- **Exercise instructions**
Using the data below, return the stretch from the line that contains "ABS Gloss Black" through the line that contains "Fishing Hooks Reel", both included, exactly as it stands and nothing beyond it.

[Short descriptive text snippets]
▽
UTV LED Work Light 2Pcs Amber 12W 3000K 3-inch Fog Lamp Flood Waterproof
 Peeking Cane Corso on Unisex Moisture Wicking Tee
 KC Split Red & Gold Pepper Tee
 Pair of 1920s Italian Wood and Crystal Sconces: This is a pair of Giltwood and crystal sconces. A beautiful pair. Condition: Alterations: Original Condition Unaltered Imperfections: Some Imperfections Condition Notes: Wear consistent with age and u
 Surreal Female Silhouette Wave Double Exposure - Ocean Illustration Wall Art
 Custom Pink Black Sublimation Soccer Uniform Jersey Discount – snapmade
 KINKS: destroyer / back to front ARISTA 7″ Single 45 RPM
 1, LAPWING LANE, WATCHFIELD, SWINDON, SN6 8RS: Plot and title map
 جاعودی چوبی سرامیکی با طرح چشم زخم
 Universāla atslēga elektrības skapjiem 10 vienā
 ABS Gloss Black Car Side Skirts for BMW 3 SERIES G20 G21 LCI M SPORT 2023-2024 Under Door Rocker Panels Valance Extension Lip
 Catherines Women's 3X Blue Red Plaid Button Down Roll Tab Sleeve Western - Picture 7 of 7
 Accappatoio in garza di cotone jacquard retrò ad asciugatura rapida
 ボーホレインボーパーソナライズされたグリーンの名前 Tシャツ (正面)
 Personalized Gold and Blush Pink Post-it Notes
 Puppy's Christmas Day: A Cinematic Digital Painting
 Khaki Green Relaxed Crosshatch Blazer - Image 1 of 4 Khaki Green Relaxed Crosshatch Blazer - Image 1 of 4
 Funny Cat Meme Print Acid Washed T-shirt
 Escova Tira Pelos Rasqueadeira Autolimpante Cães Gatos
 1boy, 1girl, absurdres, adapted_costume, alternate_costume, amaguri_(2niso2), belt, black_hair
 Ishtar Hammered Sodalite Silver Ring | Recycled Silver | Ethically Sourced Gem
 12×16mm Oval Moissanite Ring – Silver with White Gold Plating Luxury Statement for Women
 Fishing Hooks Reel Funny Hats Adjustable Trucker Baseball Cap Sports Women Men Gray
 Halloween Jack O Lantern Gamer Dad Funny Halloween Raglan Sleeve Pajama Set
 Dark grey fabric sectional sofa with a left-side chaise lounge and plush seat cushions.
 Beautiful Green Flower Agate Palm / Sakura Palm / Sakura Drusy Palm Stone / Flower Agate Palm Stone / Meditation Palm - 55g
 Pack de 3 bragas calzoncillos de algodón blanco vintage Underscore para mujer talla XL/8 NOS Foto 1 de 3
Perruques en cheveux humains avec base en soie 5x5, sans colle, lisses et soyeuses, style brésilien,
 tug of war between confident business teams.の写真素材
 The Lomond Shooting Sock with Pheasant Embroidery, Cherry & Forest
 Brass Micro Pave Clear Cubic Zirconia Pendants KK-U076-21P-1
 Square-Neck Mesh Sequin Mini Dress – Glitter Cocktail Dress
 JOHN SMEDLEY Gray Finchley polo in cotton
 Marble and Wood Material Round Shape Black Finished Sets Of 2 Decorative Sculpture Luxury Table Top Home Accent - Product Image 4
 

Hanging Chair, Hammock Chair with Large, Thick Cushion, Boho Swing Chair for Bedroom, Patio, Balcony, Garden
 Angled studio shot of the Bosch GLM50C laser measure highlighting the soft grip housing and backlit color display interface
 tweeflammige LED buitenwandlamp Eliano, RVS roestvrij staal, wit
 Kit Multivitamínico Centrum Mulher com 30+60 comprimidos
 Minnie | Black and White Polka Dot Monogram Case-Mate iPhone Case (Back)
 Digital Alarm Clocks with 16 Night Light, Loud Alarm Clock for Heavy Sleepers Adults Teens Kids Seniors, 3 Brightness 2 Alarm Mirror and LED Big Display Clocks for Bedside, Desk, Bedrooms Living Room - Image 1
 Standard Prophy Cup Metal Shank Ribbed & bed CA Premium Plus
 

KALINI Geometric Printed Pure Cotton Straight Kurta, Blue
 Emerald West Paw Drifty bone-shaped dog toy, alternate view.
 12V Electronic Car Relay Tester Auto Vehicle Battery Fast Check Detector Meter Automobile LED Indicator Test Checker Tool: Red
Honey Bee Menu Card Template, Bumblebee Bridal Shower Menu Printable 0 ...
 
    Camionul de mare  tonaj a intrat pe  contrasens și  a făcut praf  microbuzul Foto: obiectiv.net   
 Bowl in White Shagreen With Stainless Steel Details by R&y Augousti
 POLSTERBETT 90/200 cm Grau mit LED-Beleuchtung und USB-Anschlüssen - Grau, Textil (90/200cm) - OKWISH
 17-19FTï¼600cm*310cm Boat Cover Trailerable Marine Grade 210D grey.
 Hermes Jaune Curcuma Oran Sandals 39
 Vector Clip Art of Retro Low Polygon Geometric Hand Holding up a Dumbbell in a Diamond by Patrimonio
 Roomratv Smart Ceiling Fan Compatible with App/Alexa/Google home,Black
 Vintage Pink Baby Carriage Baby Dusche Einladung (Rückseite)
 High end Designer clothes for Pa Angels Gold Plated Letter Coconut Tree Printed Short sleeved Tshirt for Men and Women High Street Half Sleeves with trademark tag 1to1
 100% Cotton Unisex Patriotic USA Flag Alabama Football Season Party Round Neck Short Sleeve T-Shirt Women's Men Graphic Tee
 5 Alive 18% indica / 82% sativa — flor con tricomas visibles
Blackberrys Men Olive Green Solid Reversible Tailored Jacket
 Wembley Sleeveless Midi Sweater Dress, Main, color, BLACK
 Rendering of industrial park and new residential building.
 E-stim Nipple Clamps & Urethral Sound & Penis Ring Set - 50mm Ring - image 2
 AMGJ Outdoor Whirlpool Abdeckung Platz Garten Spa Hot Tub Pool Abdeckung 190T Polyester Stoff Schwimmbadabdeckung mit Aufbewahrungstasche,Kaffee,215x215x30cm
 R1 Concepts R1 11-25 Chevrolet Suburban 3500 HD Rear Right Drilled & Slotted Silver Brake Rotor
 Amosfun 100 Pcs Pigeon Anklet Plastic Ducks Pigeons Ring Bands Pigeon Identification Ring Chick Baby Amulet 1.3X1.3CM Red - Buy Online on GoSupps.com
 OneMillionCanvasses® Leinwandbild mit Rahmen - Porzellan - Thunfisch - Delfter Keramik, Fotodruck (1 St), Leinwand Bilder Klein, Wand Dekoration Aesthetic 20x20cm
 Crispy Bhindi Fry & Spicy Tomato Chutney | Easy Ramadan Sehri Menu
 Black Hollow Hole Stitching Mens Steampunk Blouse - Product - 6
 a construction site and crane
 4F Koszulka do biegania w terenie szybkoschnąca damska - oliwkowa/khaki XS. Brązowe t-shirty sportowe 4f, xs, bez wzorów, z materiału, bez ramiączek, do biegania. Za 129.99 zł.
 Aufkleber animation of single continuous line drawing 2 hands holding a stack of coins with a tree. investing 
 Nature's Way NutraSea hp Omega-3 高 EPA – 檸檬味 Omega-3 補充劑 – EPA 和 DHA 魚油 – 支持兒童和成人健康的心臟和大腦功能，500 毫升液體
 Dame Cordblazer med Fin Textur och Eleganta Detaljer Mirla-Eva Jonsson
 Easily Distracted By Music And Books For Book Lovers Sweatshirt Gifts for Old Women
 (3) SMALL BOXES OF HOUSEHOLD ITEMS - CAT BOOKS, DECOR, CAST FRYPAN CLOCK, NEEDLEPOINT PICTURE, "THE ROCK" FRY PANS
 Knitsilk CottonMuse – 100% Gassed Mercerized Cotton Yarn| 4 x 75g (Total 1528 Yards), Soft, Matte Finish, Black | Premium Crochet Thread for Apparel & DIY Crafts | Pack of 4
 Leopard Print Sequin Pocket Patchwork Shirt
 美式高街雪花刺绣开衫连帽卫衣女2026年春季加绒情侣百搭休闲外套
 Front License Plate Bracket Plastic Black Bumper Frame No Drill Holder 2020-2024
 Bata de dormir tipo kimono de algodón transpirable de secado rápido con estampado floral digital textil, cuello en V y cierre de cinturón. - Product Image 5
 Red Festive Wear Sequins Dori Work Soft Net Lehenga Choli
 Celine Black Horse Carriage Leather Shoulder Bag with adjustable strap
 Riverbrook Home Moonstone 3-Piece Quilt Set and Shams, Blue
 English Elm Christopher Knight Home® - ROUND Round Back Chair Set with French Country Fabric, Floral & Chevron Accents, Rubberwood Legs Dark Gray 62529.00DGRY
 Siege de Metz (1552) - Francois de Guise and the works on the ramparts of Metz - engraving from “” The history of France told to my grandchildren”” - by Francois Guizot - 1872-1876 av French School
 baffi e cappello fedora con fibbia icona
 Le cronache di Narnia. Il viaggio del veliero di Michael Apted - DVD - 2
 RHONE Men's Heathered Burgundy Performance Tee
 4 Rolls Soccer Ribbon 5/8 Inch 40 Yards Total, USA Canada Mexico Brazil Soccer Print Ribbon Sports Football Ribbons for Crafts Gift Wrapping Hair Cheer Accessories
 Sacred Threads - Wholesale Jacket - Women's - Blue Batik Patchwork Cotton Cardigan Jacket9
△
- **Output**
 ABS Gloss Black Car Side Skirts for BMW 3 SERIES G20 G21 LCI M SPORT 2023-2024 Under Door Rocker Panels Valance Extension Lip
 Catherines Women's 3X Blue Red Plaid Button Down Roll Tab Sleeve Western - Picture 7 of 7
 Accappatoio in garza di cotone jacquard retrò ad asciugatura rapida
 ボーホレインボーパーソナライズされたグリーンの名前 Tシャツ (正面)
 Personalized Gold and Blush Pink Post-it Notes
 Puppy's Christmas Day: A Cinematic Digital Painting
 Khaki Green Relaxed Crosshatch Blazer - Image 1 of 4 Khaki Green Relaxed Crosshatch Blazer - Image 1 of 4
 Funny Cat Meme Print Acid Washed T-shirt
 Escova Tira Pelos Rasqueadeira Autolimpante Cães Gatos
 1boy, 1girl, absurdres, adapted_costume, alternate_costume, amaguri_(2niso2), belt, black_hair
 Ishtar Hammered Sodalite Silver Ring | Recycled Silver | Ethically Sourced Gem
 12×16mm Oval Moissanite Ring – Silver with White Gold Plating Luxury Statement for Women
 Fishing Hooks Reel Funny Hats Adjustable Trucker Baseball Cap Sports Women Men Gray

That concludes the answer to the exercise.